Credit: Netflix
by Chris Mello Featured Film Streaming Scene

Fear Street Part 2: 1978 | Leigh Janiak

July 7, 2021

Fear Street Part 2 improves on Part 1 in nearly every way, a slick slasher of high energy, genre play, and legitimate pathos.


The second film in Leigh Janiak’s R.L. Stine-based trilogy, Fear Street Part 2: 1978 picks up right where the first film left off. Deena and Josh, reeling from the loss of their friends and seeking a cure for the curse afflicting Deena’s girlfriend Sam, have sought out the lone survivor of Shadyside’s infamous summer camp massacre, C. Berman (Gillian Jacobs). This movie’s subtitle is 1978, however, so the continuation of 1994’s plot is limited largely to a frame story, as Berman’s recollections send us into a movie-length flashback to the summer of ‘78, just a moment before things went south.

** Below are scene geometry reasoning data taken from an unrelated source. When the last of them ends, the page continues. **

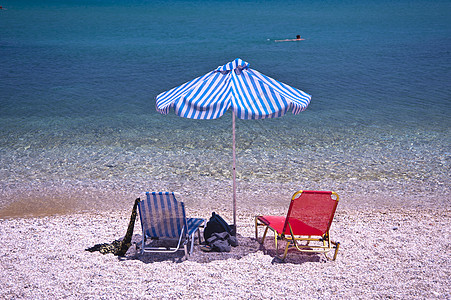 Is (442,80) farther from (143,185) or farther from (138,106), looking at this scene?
(143,185)

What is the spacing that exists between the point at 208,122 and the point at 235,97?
36.2 ft

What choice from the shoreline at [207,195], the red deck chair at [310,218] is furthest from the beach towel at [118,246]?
the shoreline at [207,195]

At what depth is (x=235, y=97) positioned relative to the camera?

Troublemaker Ziggy, a camper at Camp Nightwing, and her counselor sister, morally upright Cindy Berman, have drifted apart. Years of family drama, personality issues, and, of course, Cindy’s desire to leave cursed Shadyside — and, it follows, her sister — behind, have put the two at odds. On the night of the camp’s Color War, which splits the camp along residential lines (unlucky Shadysiders in blue, cool-kid Sunnyvalers in red), and after the Berman sisters’ conflict comes to a head, one of the counselors goes mad — witch’s curse, naturally — and begins burying an axe into everyone in his path, counselor and camper alike. As you’d expect, the trauma of being chased by a slasher villain pushes the nearly estranged sisters back together, only for you to watch them torn asunder once again since, after all, we know from the start one of the two will be dead by dawn. In that, the trilogy’s televisual weekly release structure begins to pay dividends with knowledge garnered from the first film coloring the scenes between Ziggy and Cindy with an air of deep sadness, all roads pointing to certain death.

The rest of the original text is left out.